Sprint Planning Meeting
TOPICS COVERED IN THIS GUIDE:
- What is a Sprint Planning Meeting?
- Who should attend a Sprint Planning Meeting?
- How long should a Sprint Planning Meeting last?
- Best practices on how to run an effective Sprint Planning Meeting
- Quick Summary
What is a Sprint Planning Meeting?
A sprint planning meeting happens before a Sprint begins. The entire scrum team come together during this meeting, discuss, and agree on what they’ll deliver in the upcoming sprint.
During the sprint planning meeting, the product owner explains the highest priorities, helps the development team understand why the user stories are important, and how they’ll impact users.
With this knowledge, the development team asks questions to get a better understanding of the users needs, and try to break down the user story into actionable pieces of work with an estimate on how long it’d take to build it.
In short, the main goal of the sprint planning meeting is to walk away with two things:
Sprint goal: Agree on what will be delivered at the end of the sprint.
Sprint backlog: A prioritized set of user stories, enhancements, bugs, tasks, and sub-tasks for the up-coming sprint that will help the team focus and deliver.
Who should attend a Sprint Planning Meeting?
All members of the sprint should attend the sprint planning meeting. That is:
- The Product Owner
- The Scrum Master
- The Development Team
When you’re discussing to agree on what everyone will deliver at the end of the sprint, it’s best to get everyone’s input and perspective before you move forward. After all, you wouldn’t want to miss any edge cases.
How long should a Sprint Planning Meeting last?
According to Scrum Guide, the sprint planning meeting is time-boxed to eight hours for a one month sprint. If your sprint is shorter than a month, sprint planning meeting is reduced proportionately.
For example, a two-week sprint should not have a sprint planning meeting that exceeds four hours.
But does that mean you must spend eight hours planning for a month-long sprint?
If a meeting concludes before the time allotted, end the meeting and leave! Don’t try to fill the time with other random top of mind topics. ~ Paul Adams, VP of Product at Intercom
As long as your team is on the same page on what will be delivered in the upcoming sprint, it’s alright if your meeting ends in an hour. Remember, principles support your business. You shouldn’t mould your business around them.

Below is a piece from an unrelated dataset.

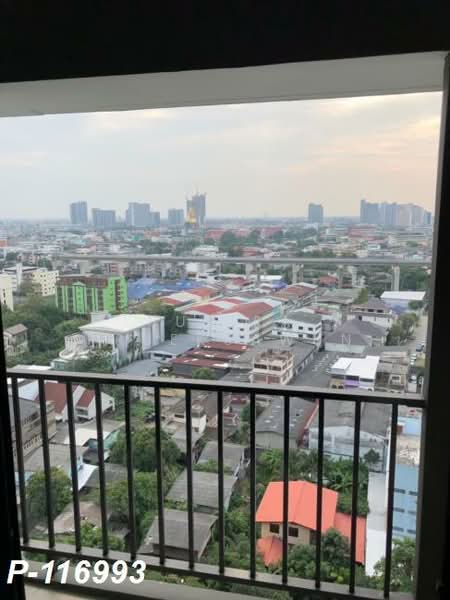 The Parkland Phetkasem-Thapra, Bangkok, 99 Petchkasem Road, Wat Tha Pra, Bangkok Yai, Bangkok, 1 Bedroom, 33 sqm, Condo For Sale, by Susira Prueksawun, 11821033 - DDproperty.com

Best practices on how to run an effective Sprint Planning Meeting
1. Bring your learnings from the previous Sprint: If you ran a sprint prior to the one you are currently planning, you most likely found areas you’d like to improve by running Sprint Retrospective Meeting. Be sure to bring it up during the sprint planning meeting and see how you can implement changes to your upcoming Sprint to improve your process.
2. Have a groomed backlog:
Before the sprint planning meeting, make sure the backlog is groomed with fully formed user stories and the most important work listed at the top. It’s best done a few days before the sprint planning meeting with just the product owner and the scrum master.
If you’re using Zepel, you can quickly add more details to your user story by adding detailed description, attachments, and comments. That way, every member has the full picture of what each user story tries to achieve and everyone is on the same page.
This allows the product owner and scrum master to fill details and context to user stories that might not be fully formed and come prepared for the sprint planning meeting.
3. Tell a story:
As a product owner keeping in mind that each backlog item is a user story and not a bunch of features could make a world of difference, especially when you’re trying to explain it to your development team.
Showing your dev team where the problem occurs in the user’s current solution and why it’s a pain will help them get a clear picture of what they need to be working on.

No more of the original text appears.